#### WHAT YOU SHOULD DO:
Working from the records below, return word for word the line that contains "Explore Salzburg in" and each line after it, ending with the last. Skip all pictures.

[Records from a dataset]
::::

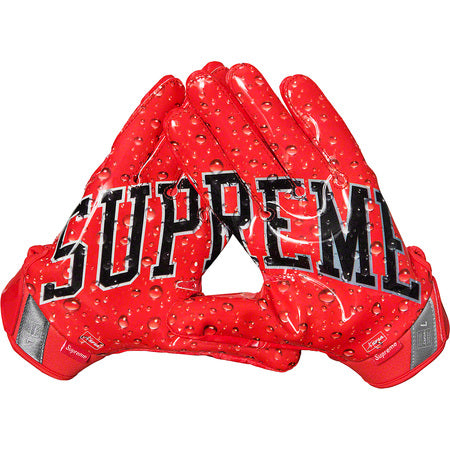 hypebeast football gloves
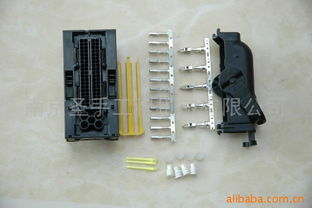 南京圣手工程機(jī)械 其他連接器產(chǎn)品列表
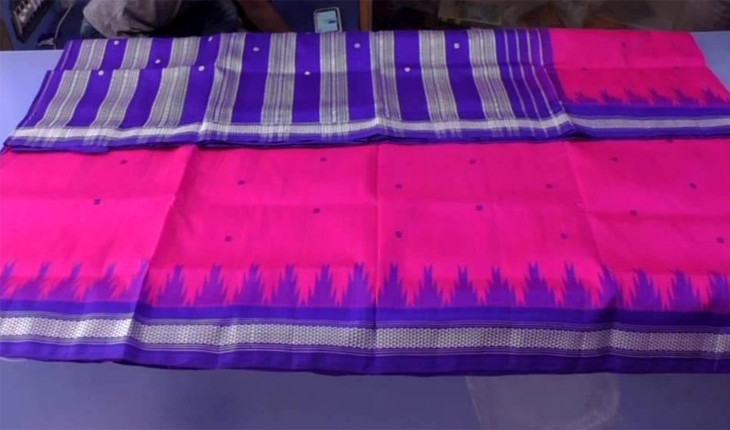 ବିକଶିତ ହେବ ବ୍ରହ୍ମପୁର ପାଟ, ବିକ୍ରିବଟା ସହ ବୁଣାକାରଙ୍କୁ ମିଳିବ ପ୍ରୋତ୍ସାହନ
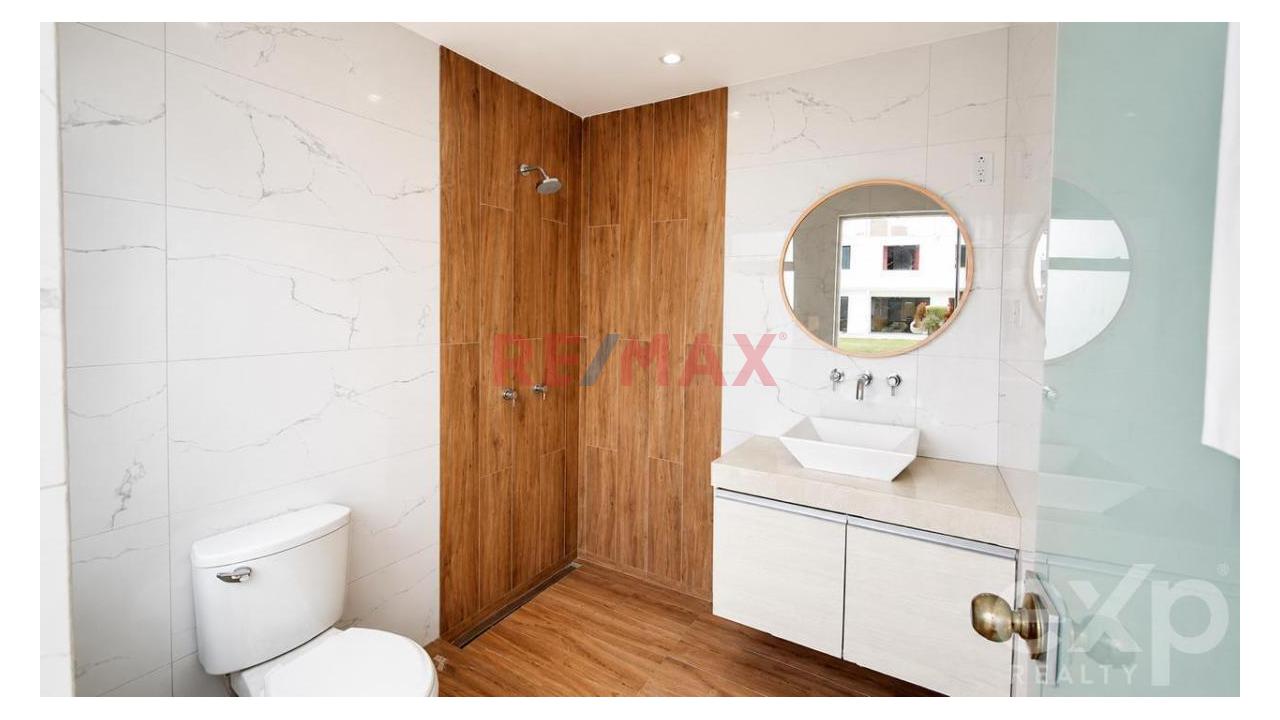Casa En Venta En Sol De La Molina | 1.080 M² De Terreno, Jardín Y Piscina - 17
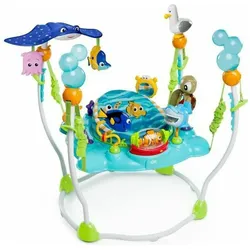Bright Starts Spring und Spielcenter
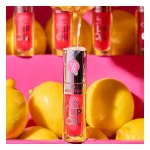 إيسنس كوزميتيكس بينك سكويز بليز! زيت مرطب للشفاه، مغذي، 4 مل - ايسنس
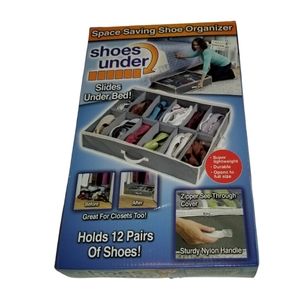 Shoe Organizer
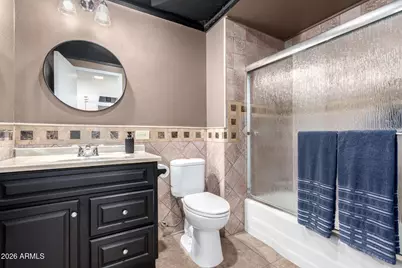 4750 N Central Avenue #8B, Phoenix, AZ 85012 - Photo 17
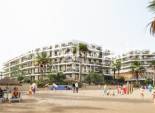 Nouvelle construction - PENTHOUSE -
MANILVA - Castillo de la Duquesa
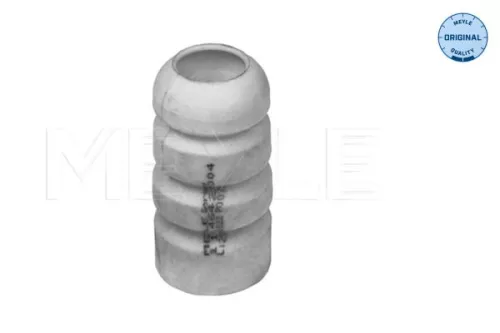 Rubber Buffer, suspension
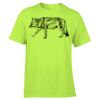 Dri Power ® 100% Polyester T Shirt Thumbnail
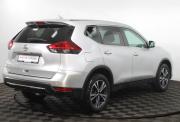 Nissan X-Trail III Рестайлинг Нижний Новгород  - изображение 32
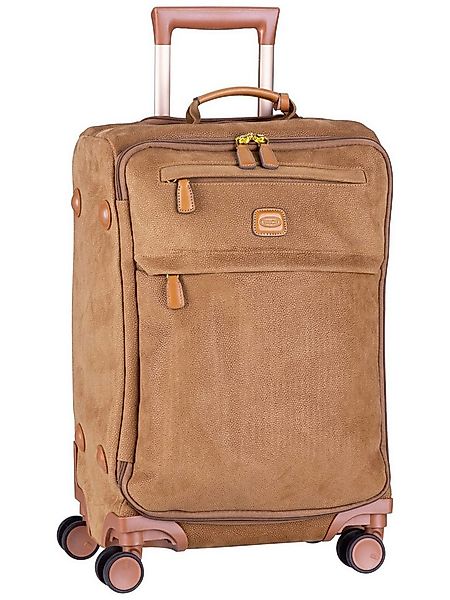 Bric's Trolley Life Trolley, 4 Rollen günstig online kaufen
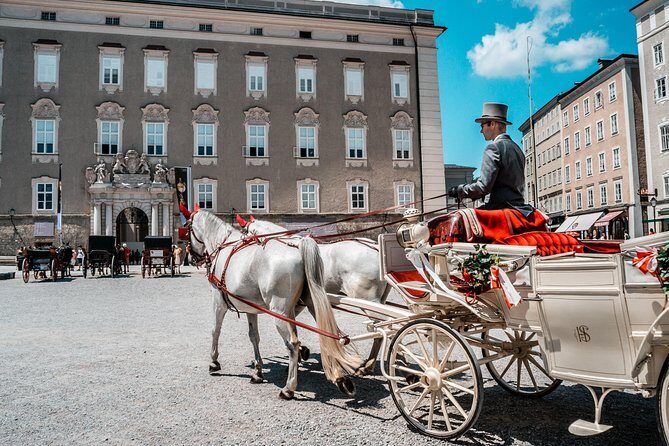 Explore Salzburg in 60 minutes with a Local - What’s Included (and What You’ll Probably Pay Extra For)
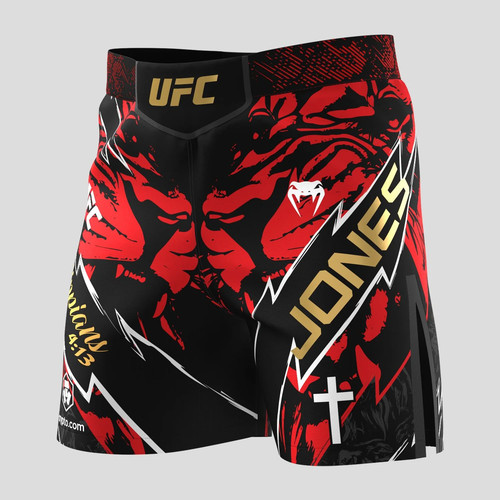 Venum ufc unrivaled jon jones - jon,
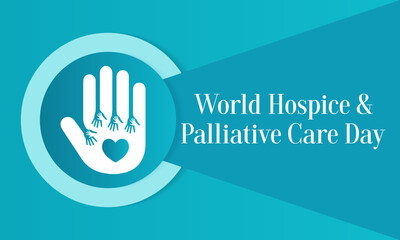 Hospice and Palliative care day is observed each year in October, it is an medical caregiving approach aimed at optimizing quality of life and mitigating suffering among people with serious illness 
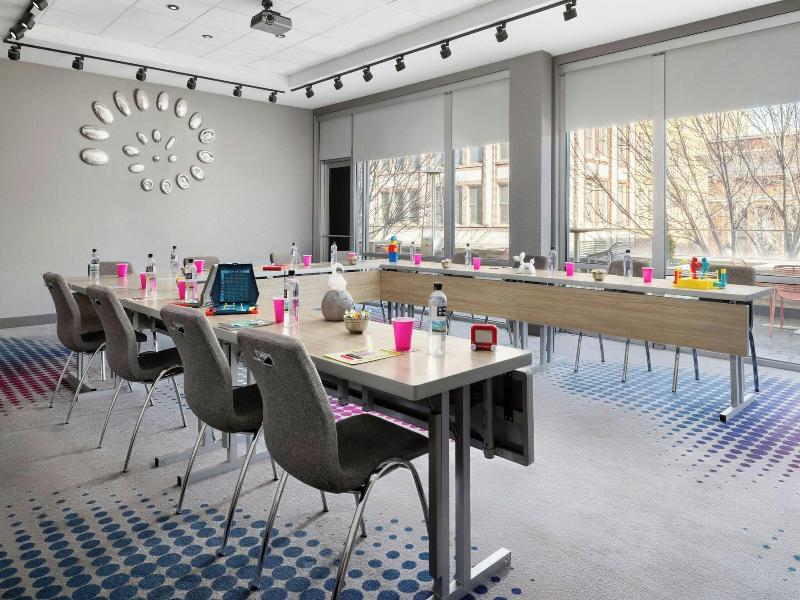 Moxy Asheville image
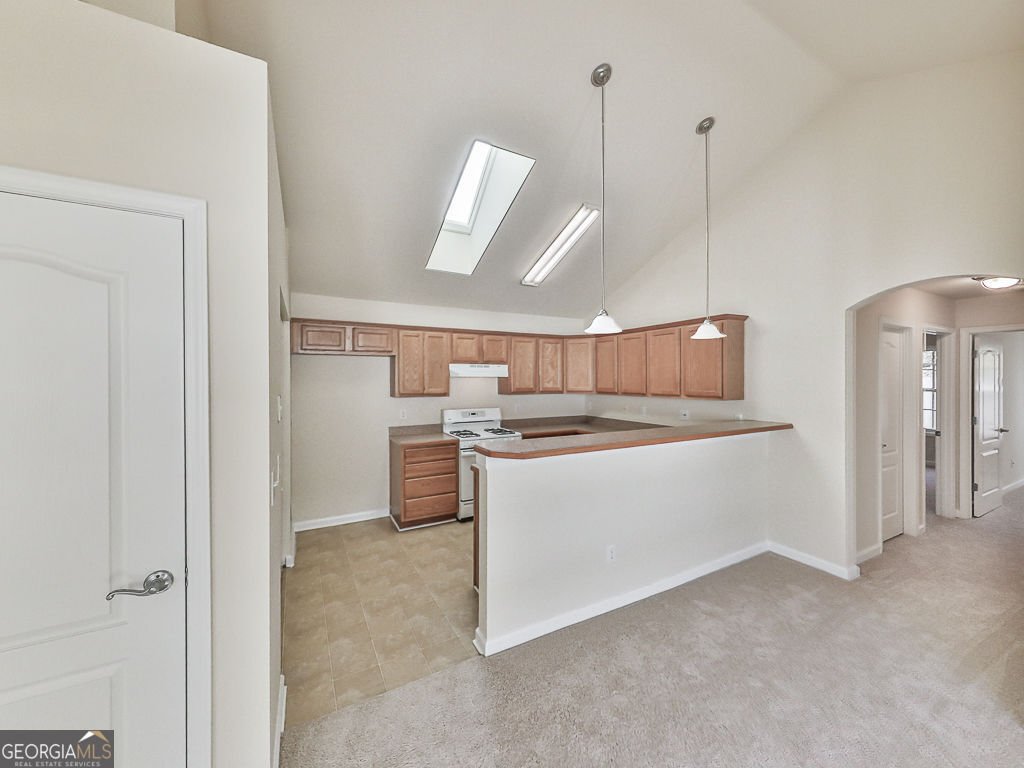 5021 Kathryn Glen Drive Acworth - 10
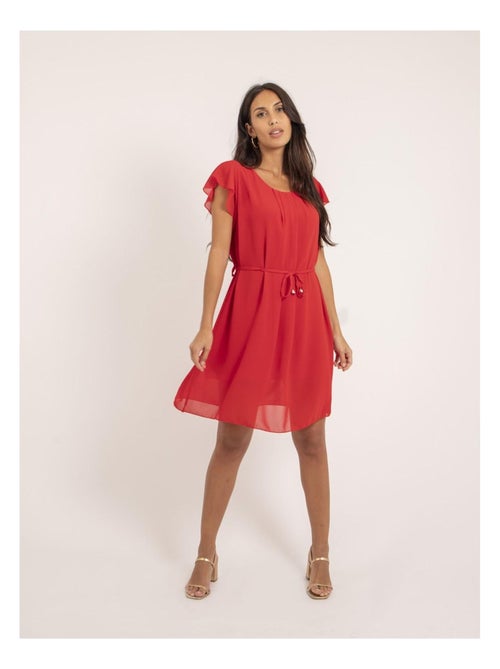 Vestito corto IEVE - Kiabi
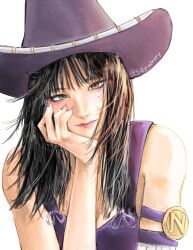 nico robin from one piece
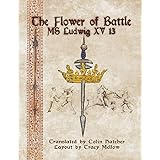 The Flower of Battle: MS Ludwig XV13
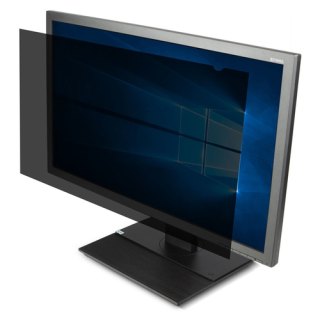 Targus ASF215W9EU schermfilter Laptop Randloze privacyfilter voor schermen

::::

#### EXERCISE RESPONSE:
 Explore Salzburg in 60 minutes with a Local - What’s Included (and What You’ll Probably Pay Extra For)
 Venum ufc unrivaled jon jones - jon,
 Hospice and Palliative care day is observed each year in October, it is an medical caregiving approach aimed at optimizing quality of life and mitigating suffering among people with serious illness 
 Moxy Asheville image
 5021 Kathryn Glen Drive Acworth - 10
 Vestito corto IEVE - Kiabi
 nico robin from one piece
 The Flower of Battle: MS Ludwig XV13
 Targus ASF215W9EU schermfilter Laptop Randloze privacyfilter voor schermen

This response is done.